Door een artikel dat ik las over eten in Italië dwaalden mijn gedachten af naar een snikhete zomer die ik ooit in het zuiden van Toscane doorbracht. Het was iedere dag tussen de 40 en 44 graden. Bij elke beweging die je maakte, brak het zweet je aan alle kanten uit. Om af te koelen reden we met de autoraampjes geopend door de bergen. Of we zaten in het huis met de luiken gesloten naar de Palio te kijken. Buiten zitten was geen optie. Omdat er een grote kudde schapen in de buurt rondzwierf was het vergeven van de steekvliegen. Als je snel naar de auto heen en weer liep had je zo 20 steken op je benen te pakken.

Op 15 augustus maakten we weer eens zo’n verkoelende bergtocht. We passeerden een dorpje en vonden dat een geschikte plek om even iets te gaan drinken. Het was druk in het dorp. En iedereen was op z’n zondags gekleed. Omdat we steeds groepjes mensen een steeg in zagen verdwijnen werden we nieuwsgierig. Onopvallend sloten we ons bij een groep aan en liepen met ze mee. Zo kwamen we uit bij de kerk. Daar stond het hele dorp te wachten.

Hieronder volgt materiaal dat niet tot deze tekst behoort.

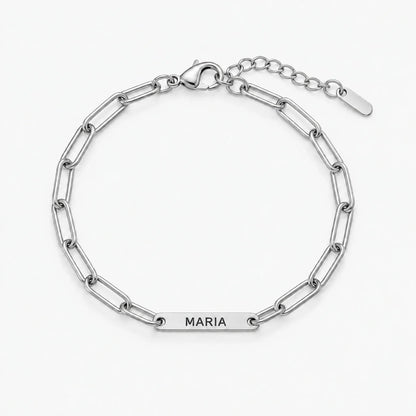 Pulsera de Eslabones plateada personalizada con dos nombres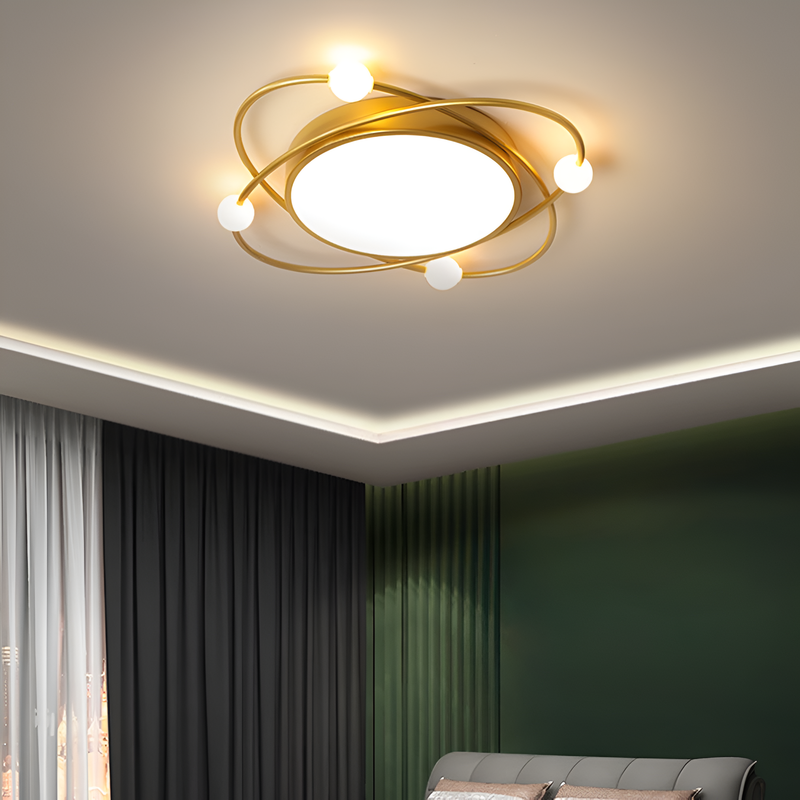 Стельова люстра світильник золота / чорна кругла D-40/D-50 cm Black/Gold Ceiling Orbital 230858-100002434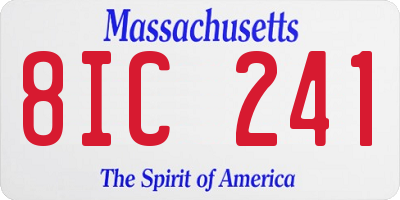 MA license plate 8IC241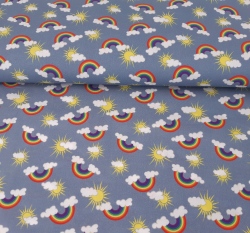 Bavlněné plátno sluníčko a duha na šedé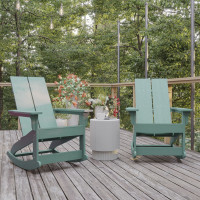 Flash Furniture JJ-C14709-SFM-2-GG Finn Modern Commercial Poly Resin Wood Adirondack Rocking Chair - All Weather Sea Foam Polystyrene - Dual Slat Back - Stainless Steel Hardware - Set of 2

De scène die toen volgde kon zo in The Godfather. Eerst kwamen de sterke mannen van het dorp met een baar op hun schouders. Daarop stond een Mariabeeld gevaarlijk te wankelen. Daarachter volgde het dorpsorkest die van die typisch Italiaanse schetterende trompetmuziek speelde. De hele meute verdween de kerk in. Het was prachtig om naar te kijken.

Ferragosto
We liepen terug naar de snackbar en namen op het terras een drankje. Na een poosje, de kerkdienst was blijkbaar afgelopen, kwamen er steeds plukjes mensen die de snackbar in liepen en niet meer naar buiten kwamen. Nieuwsgierig vroeg ik me af waar al die mensen toch blijven en liep de snackbar in. De eigenaresse vertelde me dat er nog een grote eetzaal was en dat het hele dorp daar gewoontegetrouw op deze dag kwam eten. Het was immers Ferragosto (Maria Hemelvaart)! Op mijn vraag of wij misschien ook mee zouden kunnen eten keek ze me dramatisch bedroefd aan. Ze zaten vol.
Jammer. Nou ja, dan dronken we nog maar iets.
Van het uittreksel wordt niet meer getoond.